Ballast Point, Long Beach

Friday morning, I packed my dad’s car, drove to the Ballast Point (Long Beach), and at 7 am Sundiver Express set its course to the Catalina.

Ballast Point, Long Beach

The Sundiver Express is a wide double-decker, roomy enough to comfortably accommodate up to 22 divers. It’s a clean, well-kept vessel, with plenty of space to set your gear and it’s run by a helpful crew. The boat is also equipped with a compressor, therefore, we could dive indefinitely 😉

Sundiver Express

The crossing took about an hour and a half, and at 9 am we dropped an anchor at the north end of the island.

Sub-ride dive-site. Catalina Island

Diving Catalina Island

The first dive-site called Sub-ride. Despite that it supposed to rain all day, the sun was out and with great expectations Giancarlo and I plunged into the deep of the Pacific.

Garibaldi (Hypsypops rubicundus)

Below Sundiver, the depth was about 50 feet, but the tops of kelp were floating at the surface. As soon as I saw dark yellow-greenish blades, I recalled how beautiful and magnificent those aquatic giants are. The visibility was about 30-40 feet and as soon as we begin descending, I regrated that I wasn’t diving with my wide-angle lens.

 Kelp (Laminariales) My poor attempt to use a macro lens for a wide-angle shot


Kelp (Laminariales) Dove with macro lens and couldn’t make a wide-angle picture

It is hard to convey an incredible sensation when you are slowly floating amongst thick stocks of a kelp forest. Or when all of a sudden, a fire-orange Garibaldi glides out and then disappears into serpentine of the rugged blades. By the way, Garibaldi is an official California State Marine Fish.

Garibaldi (Hypsypops rubicundus)

We stopped at a clearing and Giancarlo pointed at the small and very attractive fish – Blue-banded goby. Now I was happy to have my macro lens and I moved closer to a large dark-blue urchin, where gobies found ample protection among its long, sharp spines.

Blue-banded goby (Lythrypnus dalli)

Giancarlo new well that I was looking for the nudibranchs and he tried very hard to find a Spanish shawl or some other sea slug. But our afford bear no fruit, none of our 3 dives yielded a single nudi. And yet, I was happy to dive Catalina and to photograph other critters. Among different species of fish, we saw a moray eel, common octopus and a prize winner was a baby horn shark.

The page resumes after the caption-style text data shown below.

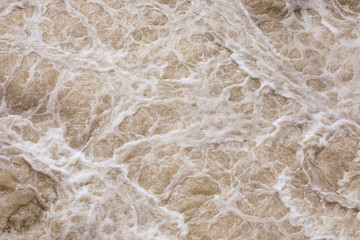 Abstract background, rough pink water surface. Foaming pink water. Foam and bubbles. Salmon, epic sea. Splendor, magnificence and power of nature concept. Foam pattern.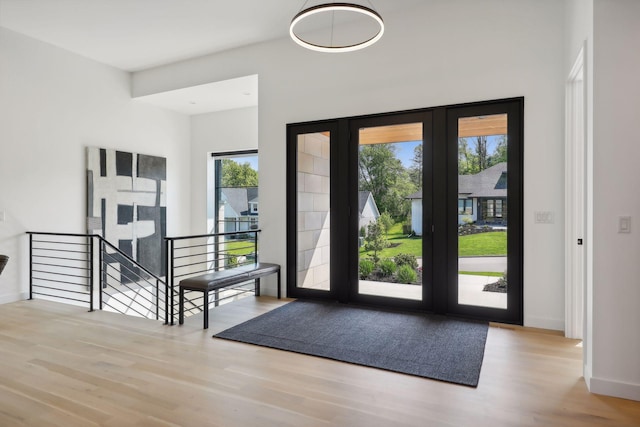 entryway with baseboards, wood finished floors, and french doors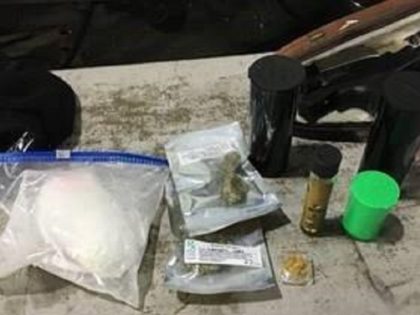 Yuma Sector Border Patrol agents seize a small quantity of drugs, cash, and firearms at an interior immigration checkpoint. (Photo: U.S. Border Patrol/Yuma Sector)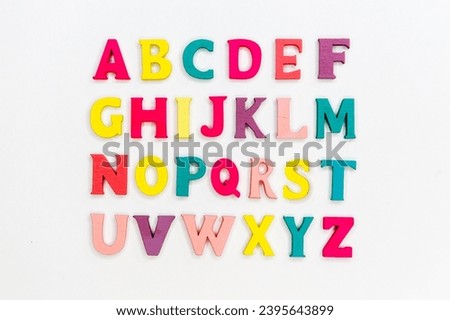 COLORFUL ALPHABET MADE OF WOODEN BLOCKS MADE
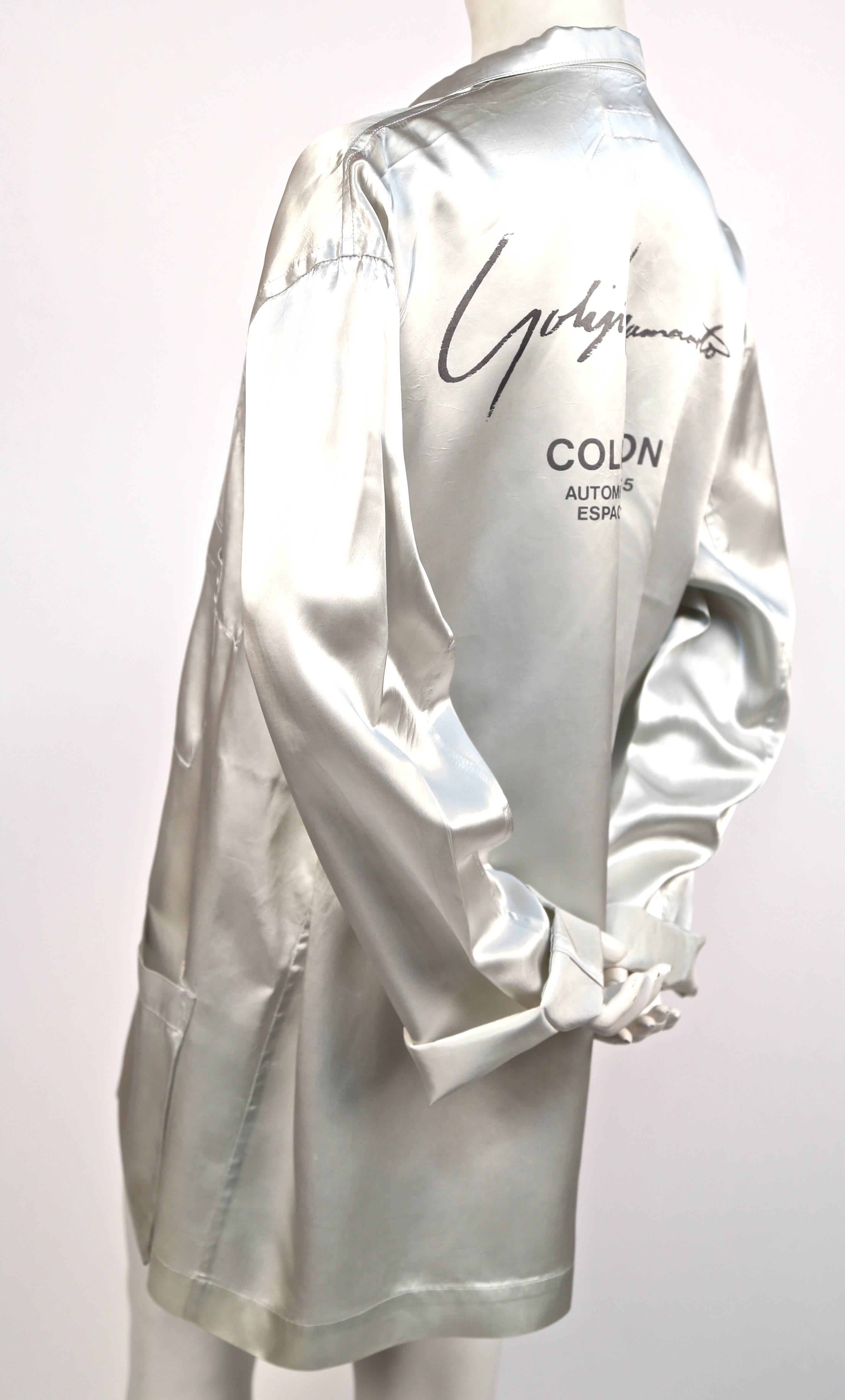 Very rare silver satin staff jacket with multiple pockets from the Yohji Yamamoto fall 1984 runway show.  Jacket printed 'Yohji Yamamoto Collection Automne Hiver '84-85 Espace 5, Shinjuku'. These jackets were given to those working backstage so they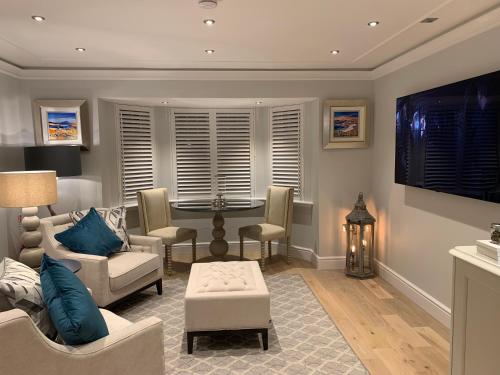 ein Wohnzimmer mit einem Sofa und einem Tisch in der Unterkunft Brand New! Bagpipers Luxury Hideaway at Ard Craig House Glencoe in Glencoe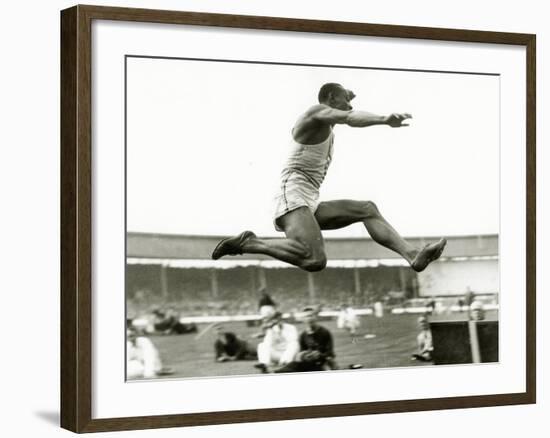 Jesse Owens in Action at the Long Jump During the Berlin Olympics, 1936-null-Framed Photographic Print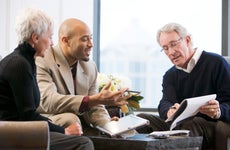 A financial advisor works with an older couple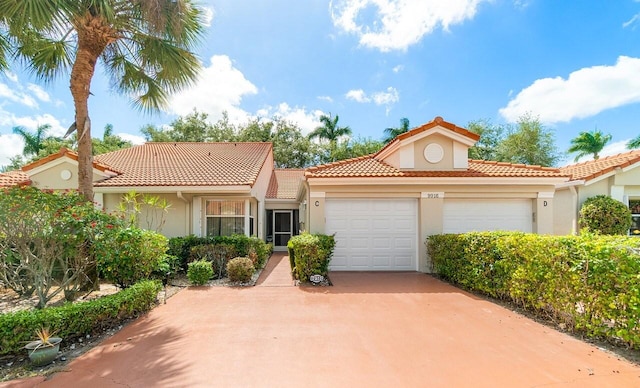 mediterranean / spanish-style home with stucco siding, an attached garage, driveway, and a tiled roof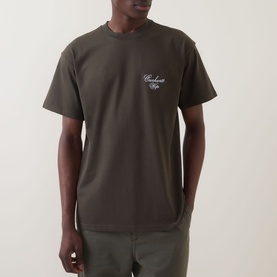 Model wearing Carhartt Gracious Logo T-Shirt in Cypress, crew neck, short sleeves, with embroidered chest logo, styled with olive trousers.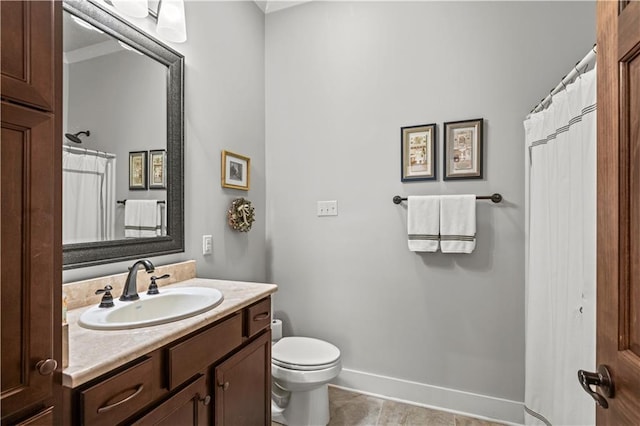 789 Rue St Germain St, Covington, LA 70433 - full bath with vanity, toilet, tile patterned flooring, and baseboards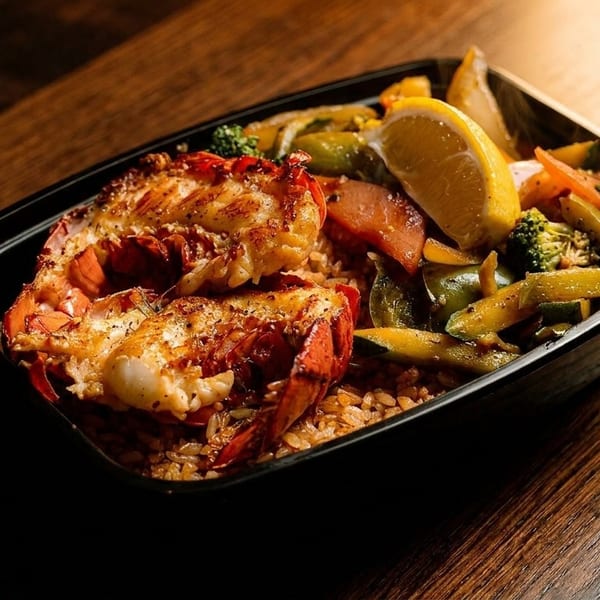 Grilled lobster tails with rice, mixed vegetables, and a lemon wedge in a black container.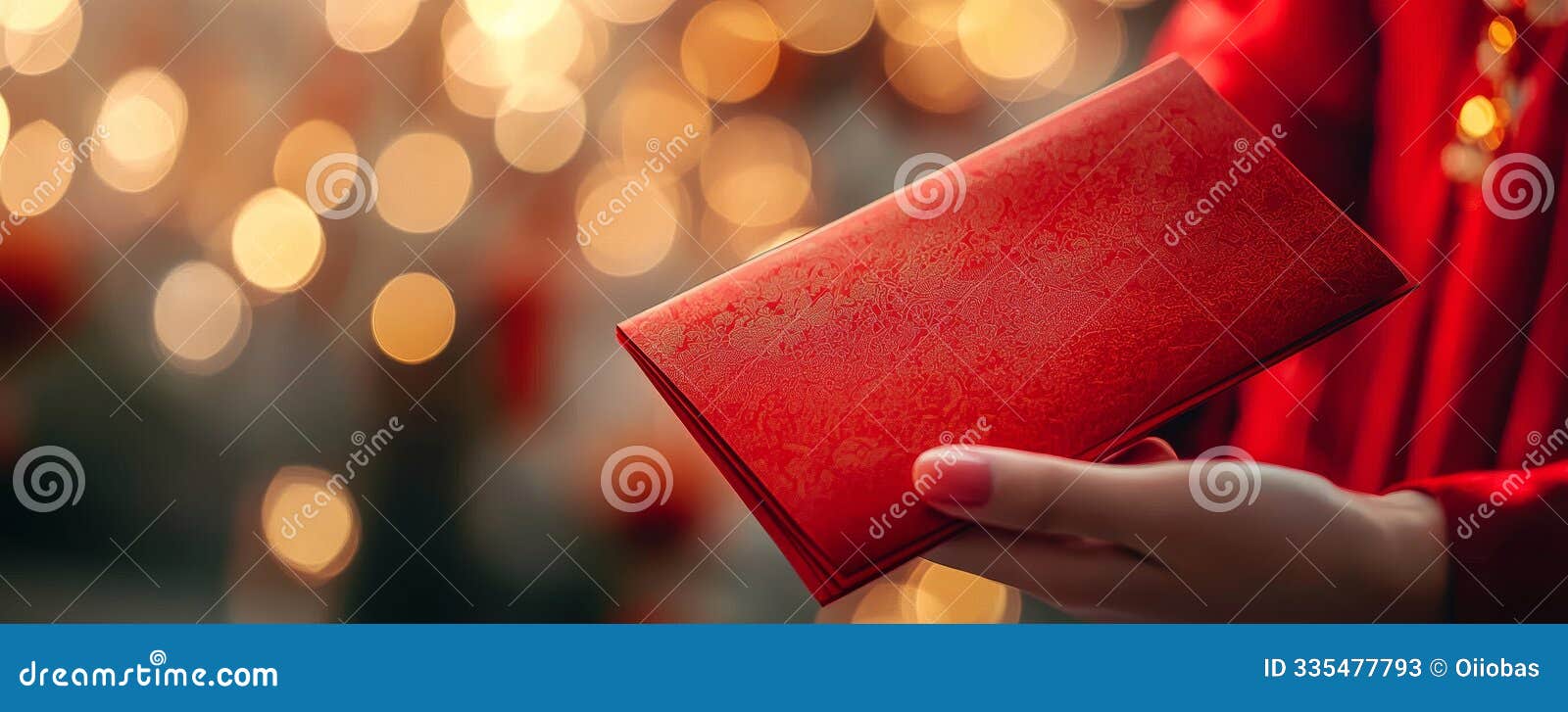 red envelope of fortune a close-up of a red envelope held in a hand against a festive background of golden bokeh lights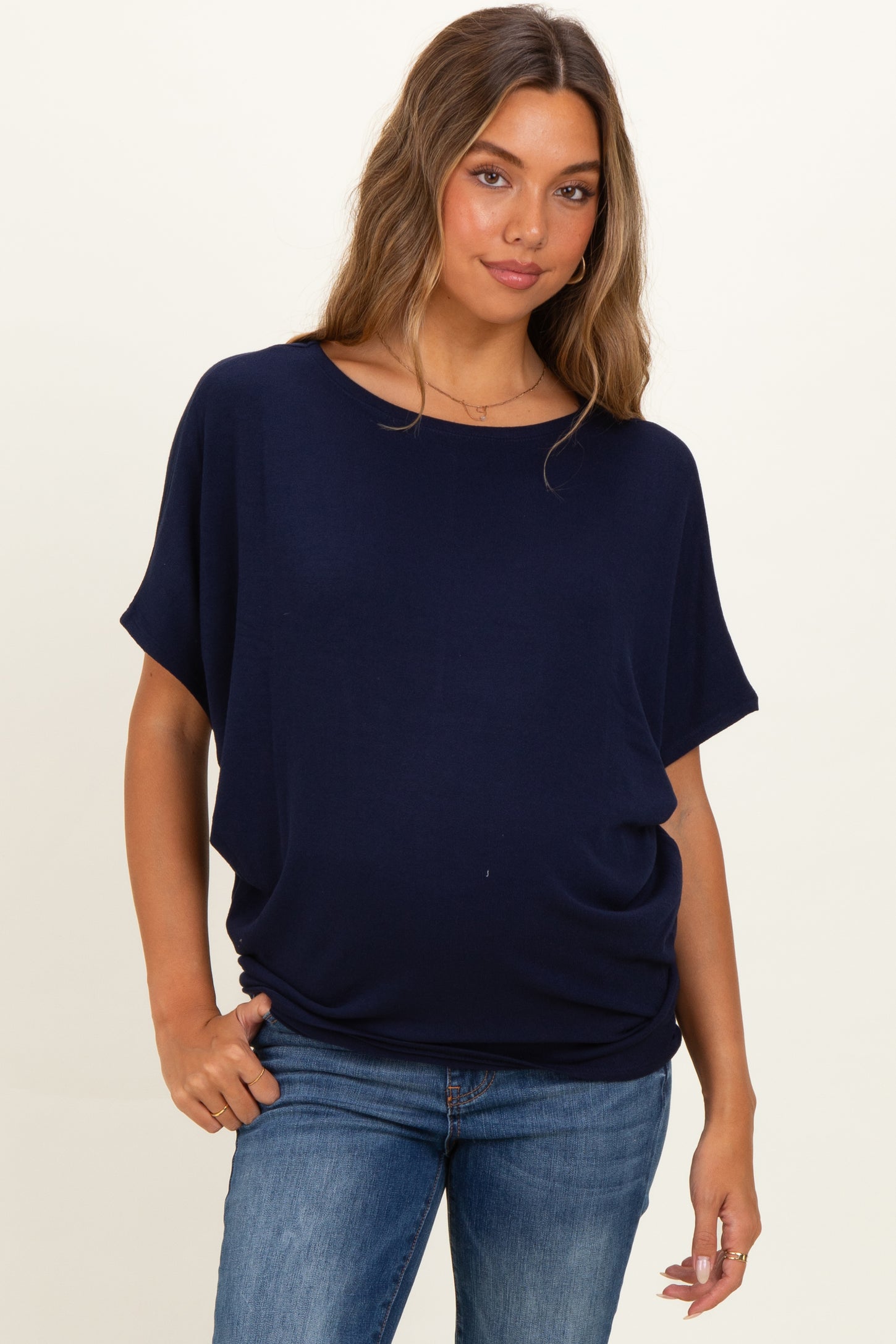 woman wearing a navy blue short sleeve maternity top with a relaxed fit and baby bump visible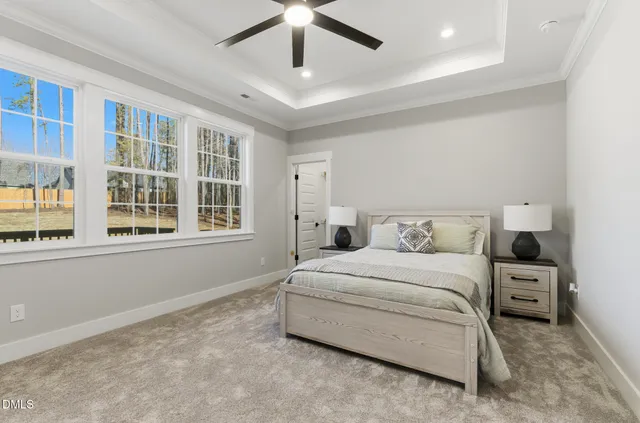 a bedroom with bed and a large window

Garibaldi, juvenile  (Hypsypops rubicundus)

Gymnothorax mordax

Morey eel  (Gymnothorax mordax)

Common octopus  (Octopus vulgaris)

Horn shark (Heterodontus francisci)

This shark is endemic to the region and Giancarlo, besides the baby shark, was lucky to spot a larger, at least three feet long (1 meter) member of Heterodontus Francisci. Despite its size, the shark was hard to spot, the specimen was practically wrapped by large leaves of kelp.

Horn shark (Heterodontus francisci)

Between dives, while the crew was refilling our tanks, we had a yummy hot baked chilly, cornbread, tea, coffee, vegetables and other snacks provided by the Sundiver Express. The return trip to Long Beach took no more than an hour and by 4:30 PM we ducked to the pier at Alamitos Bay.

Round Stingray Urobatis halleri

Round Stingray (Urobatis halleri)

Giancarlo wanted to bead the heavy traffic, so we quickly offloaded our gear, shook hands and bid each other goodbye, agreeing on planning our next join trip soon.

Giancarlo and I


No, I did not find a Spanish shawl or any other nudibranch, but I see it as a minor drawback.

The tumultuous Pacific Ocean.  Oxnard, CA

I dove with Giancarlo, saw my dad, the family of my older brother Josef, my niece, her 2 wonderful baby boys and other relatives, whom I’ve seen for the first time.

My father. Santa Monica Pier

I also would like to express my warm appreciation to everyone on the boat. Without you, guys, my dives would not be as much fun as they were.

My father. Santa Monica Pier

And a special thanks to my dive-buddy Giancarlo, for organizing our dives and for being attentive and kind.


Great new discoveries and safe diving to all.